El informe sigue. Lo importante, sin embargo, es que revela otra cara de Vaca Muerta, muy distinta a la imagen del atardecer de YPF (empresa a la que también se le encontraron fugas de todos los tamaños, en instalaciones de toda antigüedad). Y en vez de emoción, nos permite resignificar todo este emprendimiento: ya no se trata del jardín del Edén del desarrollo, sino de una verdadera zona de sacrificio.
Ni el caño Néstor Kirchner ni la foto muestran las mangueras que se roban el agua del Río Neuquén (las llaman anacondas) y la sacan para siempre del ciclo hidrológico en donde más se la necesita: un desierto; ni la basura petrolera que satura los sumideros al aire libre; las casas rotas por el fracking; los yacimientos de arena que enloquecen a los productores del Delta del Paraná; la arena silícea volando con los impertérritos vientos patagónicos, convertidas en armas de destrucción contra cualquiera que tenga pulmones; los vertidos tóxicos y radioactivos, que no se saben en qué lugar de la napa se alojarán; las afectaciones a los cuerpos de los humanos, de los animales; la redesertificación de las plantas adaptadas a vivir en la meseta, que cubiertas por la arena que levantan los camiones, se secan porque no pueden hacer fotosíntesis.
Tampoco muestran la foto desigual de desarrollo, tan típico de la industria petrolera: mucho para los empresarios (que son los verdaderos sujetos de éxito de esta historia) y miseria para los demás que no trabajen en los hidrocarburos, que no puede seguirle el tranco a los precios inflados por la actividad extractiva. Pero, por sobre todas las cosas, lo que la imagen de YPF o la del caño no revelan sio los cambios que operan en la atmósfera estas actividades, que ahora se multiplicarán con la expansión del ducto.
Vaca Muerta es una verdadera bomba de carbono. La extraccción del subsuelo de todos sus combustibles tiene la potencialidad de mandar al mundo al mismísimo infierno. Cuando hablamos del cambio climático estamos refiriéndonos a nuestros propios cuerpos, no a otra cosa. Son nuestros cuerpos los que sufren el calor y la humedad, la sequía o las inundaciones, los que se pueden alimentar o no. Estamos en un territorio existencial desconocido y aterrador. Y el Estado argentino, con las empresas que les hablan al oído susurrantes, apuesta a la destrucción ciego, seguro y festivo.

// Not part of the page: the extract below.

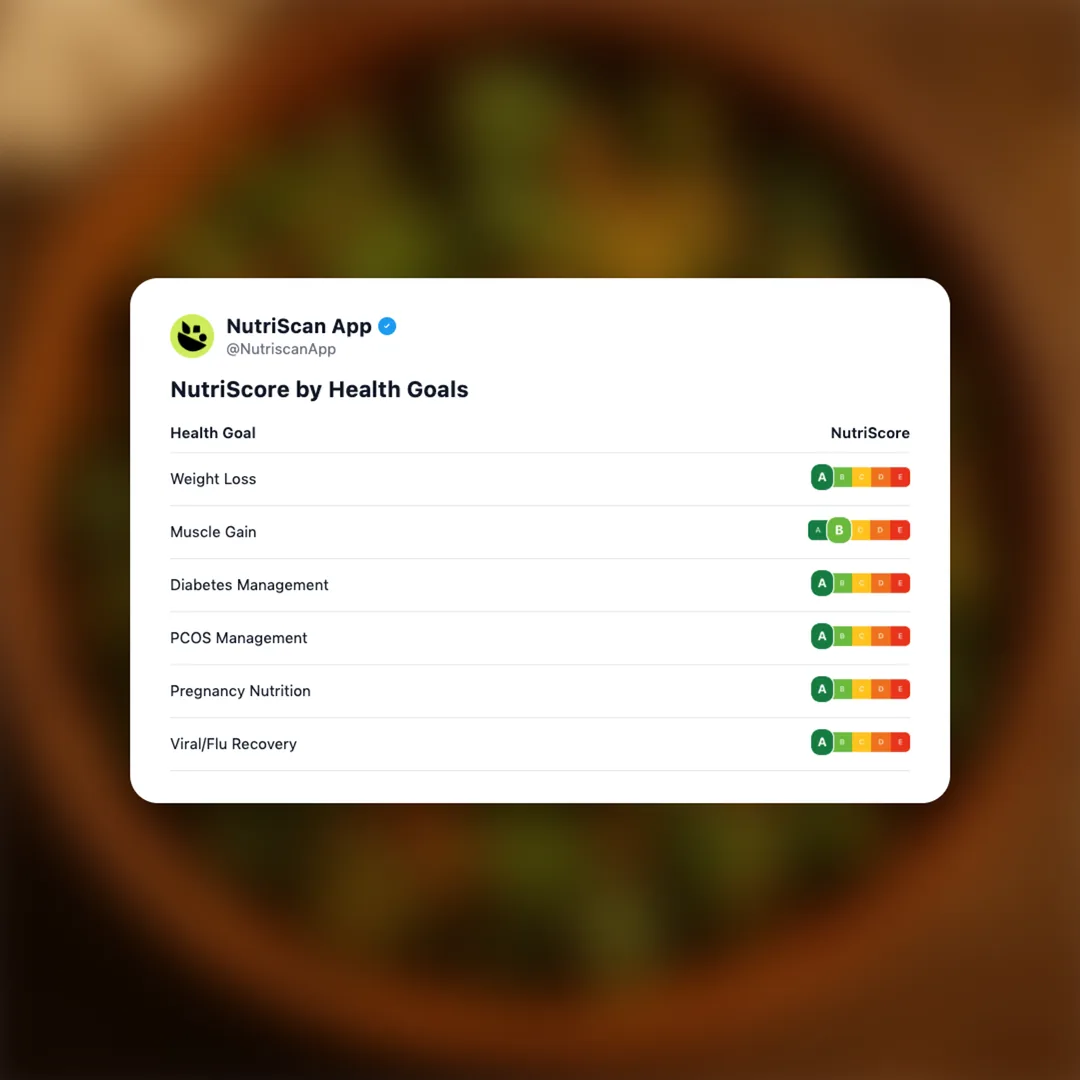 bhindi-masala social card 4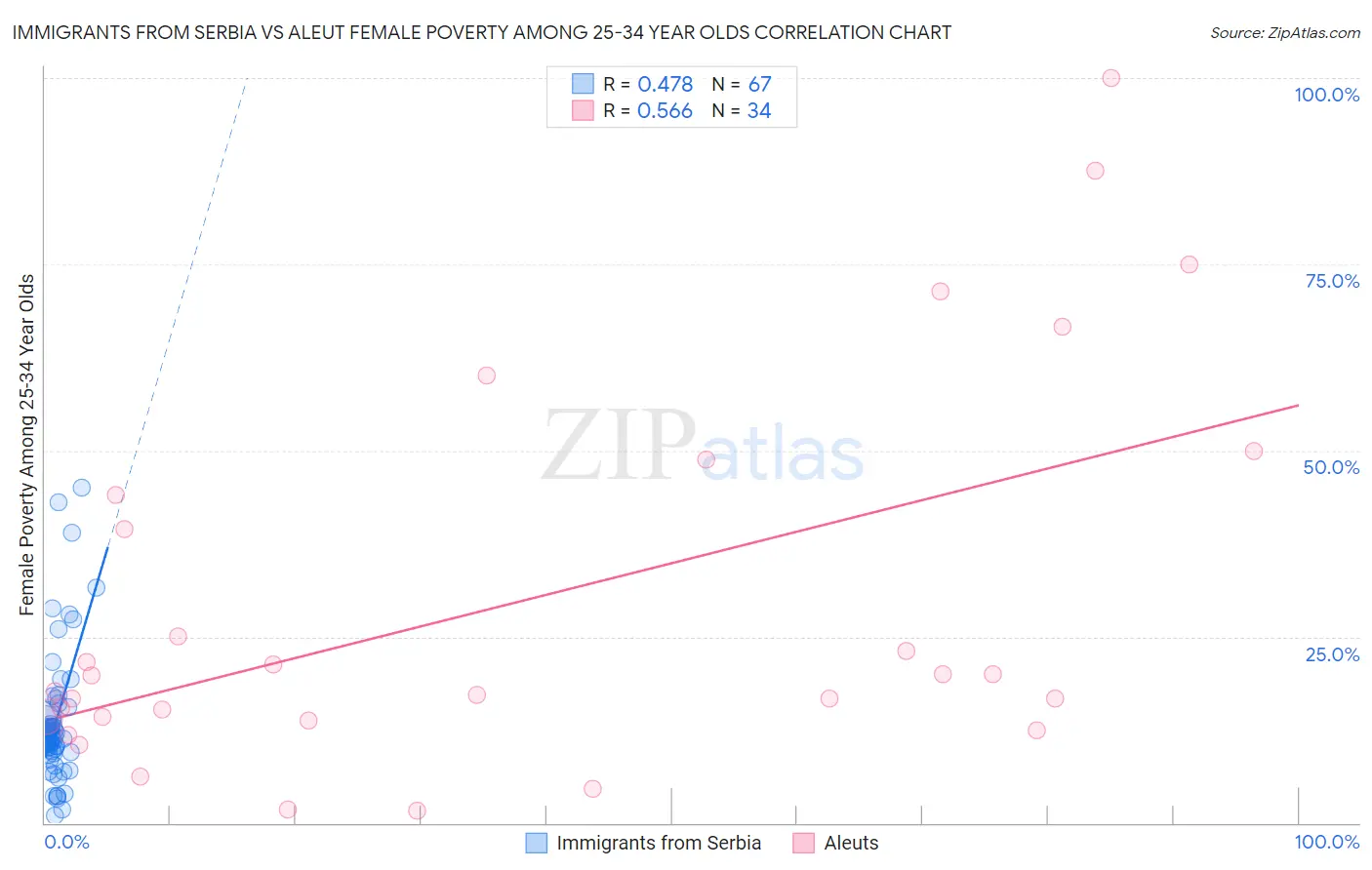 Immigrants from Serbia vs Aleut Female Poverty Among 25-34 Year Olds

La propia secretaria de cambio climático, Cecilia Nicolini, que se supone que nos debería defender de todos estos embates, aprobó la perforación del Pozo Argerich, el primero frente a las costas de Buenos Aires. Ese mismo día, el termométro mundial nos dió una alerta, marcando su récord. Y a ella no se dio cuenta. Acaso tampoco le interesó.
Al final del día, lo único que cuenta es la física de la atmósfera. Esta no se compra con dinero, no se engaña con propaganda ni con emociones. Sin embargo, una cosa es segura: con la mentalidad desarrollista del siglo XX, vamos camino a estrellarnos en el siglo XXI. Como diría el general Perón, la única verdad es la realidad.